JUDGMENT : DIVYESH A. JOSHI, J. 1. Rule. Learned APP, Mr. Manan Mehta for respondent no.1 – State of Gujarat and learned advocate, Mr. Digvijay Singh Bisht for learned advocate, Mr. Bhunesh Rupera for respondent no.2 – original complainant waive service of notice of rule. 2. By way of preferring present application under Articles 226 and 227 of the Constitution of India as well as under Section 482 of the Code of Criminal Procedure, 1973 (“CrPC” for short”), the applicant has prayed for quashment of impugned proceedings being Criminal Case No.1001/2015 and the order passed thereon by the learned Additional Chief Metropolitan Magistrate, Court No.35, Ahmedabad qua the applicant. 3. Heard learned advocate, Mr. Tatvdeep Jani for the applicant, learned APP Mr. Manan Mehta for the respondent no.1 – State of Gujarat and learned advocate, Mr. Digvijay Singh Bisht for learned advocate, Mr.
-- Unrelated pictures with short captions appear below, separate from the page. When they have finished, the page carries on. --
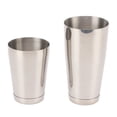 thumbnail image 2 of Vaso para vino y mezclador de barman de 2 secciones con copa inferior para una experiencia de bar definitiva Coctelera de acero inoxidable 304 con acabado de espejo, 2 of 8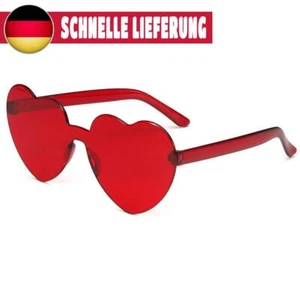 TTSAM Heart Glasses,Gl?er Herzf?mige Sonnenbrille Vintage Cat Eye Stil Party Son - Bild 1 von 6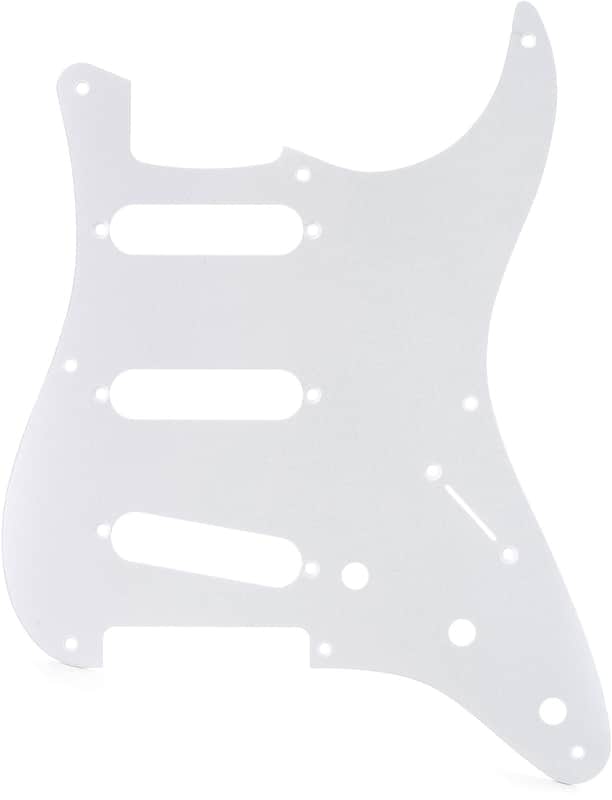 Fender 8-hole '50s Vintage Style Stratocaster S/S/S Pickguard - White (5-pack) Bundle image 1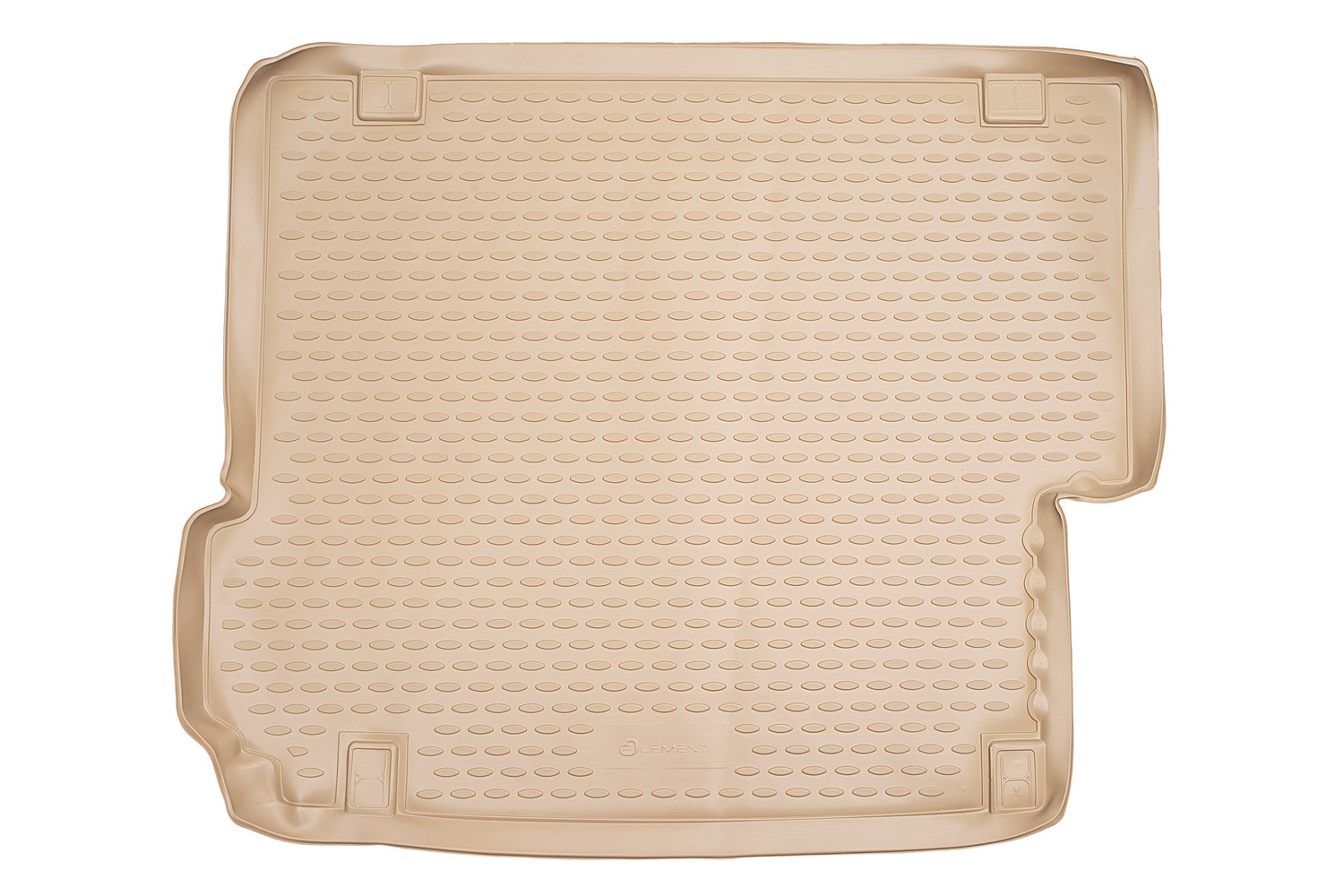 Коврик в багажник BMW X3, 2010- (F25), поколение II, кросс. (полиуретан, бежевый) / БМВ Х3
Bhunesh Rupera for respondent no.2 – original complainant. 4. Learned advocate submitted that the facts of the present case are that the applicant had taken loan from the respondent no.2 – Finance Company viz., TATA Capital Financial Services Ltd. and as a part of contract, the applicant had issued cheques in favour of the respondent no.2 for the repayment of the loan amount, however one of the cheques being Cheque No.001039 drawn on HDFC Bank, Bhavnagar Branch for an amount of Rs.1,00,342/- issued by the applicant in favour of the respondent no.2 was returned unpaid when it was deposited with an endorsement “banker stopped payment”, which led to filing of the impugned complaint by the authorized officer of the respondent no.2 – Bank, wherein summons has been issued upon the applicant. 5. Learned advocate submitted that in fact, the applicant is residing at Bhavnagar and the office of the respondent no.2 is situated at Ahmedabad and the cheque issued by the applicant is of the bank situated at Bhavnagar and the impugned complaint is filed before the court of learned Metropolitan Magistrate, Ahmedabad on 11.08.2015 and on the very same day i.e. on 11.08.2015, the learned Magistrate issued summons upon the accused, which clearly goes on to shows that while issuing summons under Section 202 of the CrPC, the learned Magistrate concerned has not conducted inquiry as contemplated under Section 202 of the CrPC, which is mandatory requirement under the law.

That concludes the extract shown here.